- EXERCISE REQUIREMENTS: With all images omitted, write out the records word for word.

- DATASET EXCERPTS:

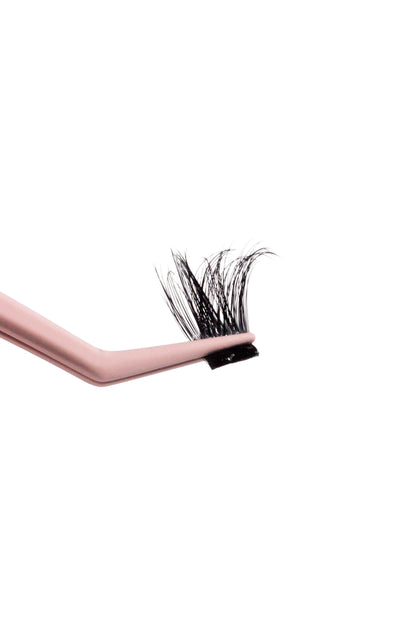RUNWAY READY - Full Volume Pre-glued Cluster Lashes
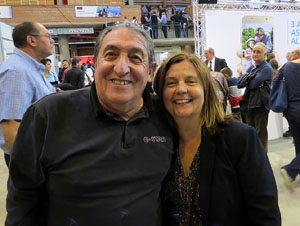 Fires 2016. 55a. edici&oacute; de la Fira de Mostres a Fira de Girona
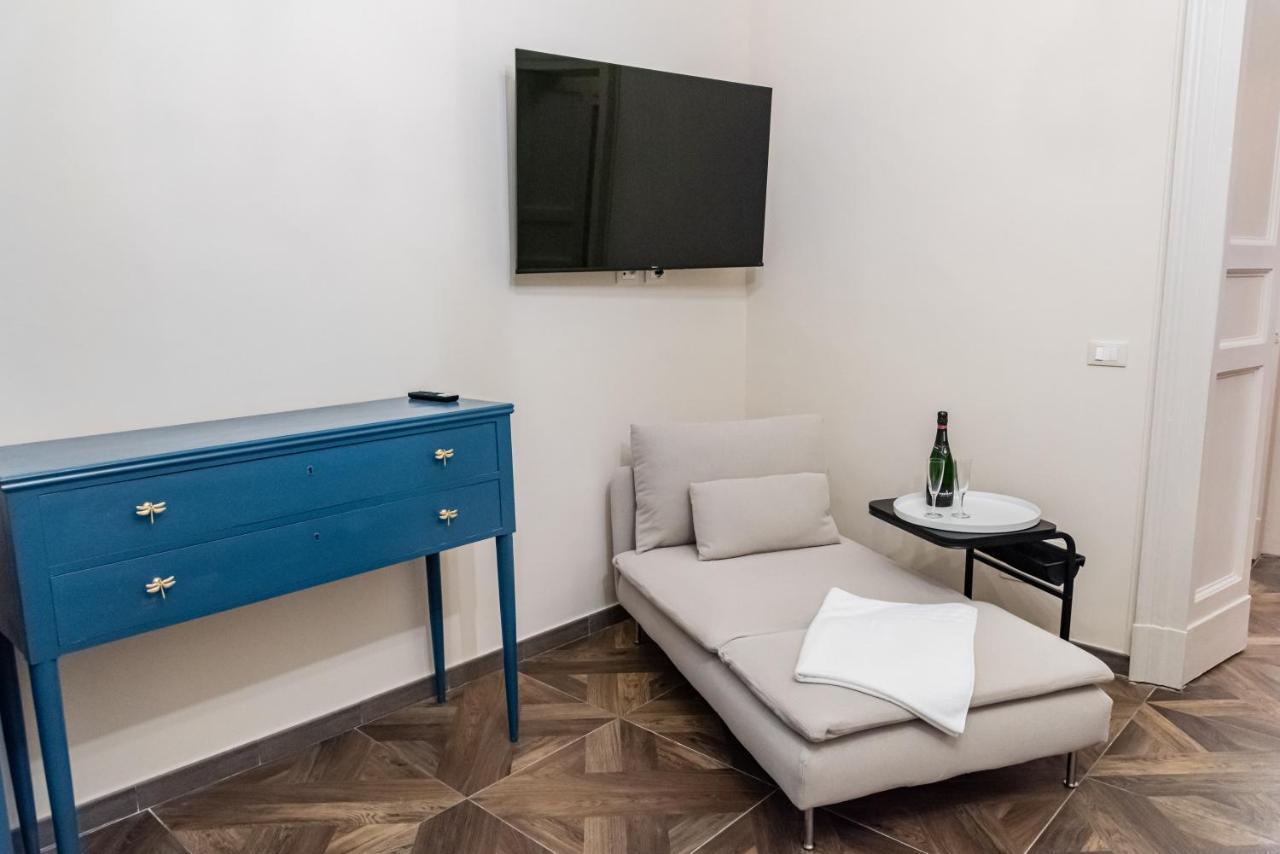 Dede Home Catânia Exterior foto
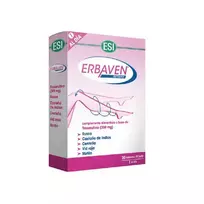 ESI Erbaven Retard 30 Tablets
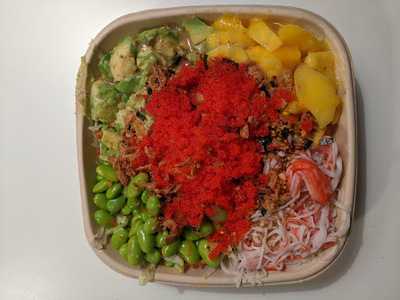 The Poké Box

- ANSWER AREA:
RUNWAY READY - Full Volume Pre-glued Cluster Lashes
 Fires 2016. 55a. edici&oacute; de la Fira de Mostres a Fira de Girona
 Dede Home Catânia Exterior foto
 ESI Erbaven Retard 30 Tablets
 The Poké Box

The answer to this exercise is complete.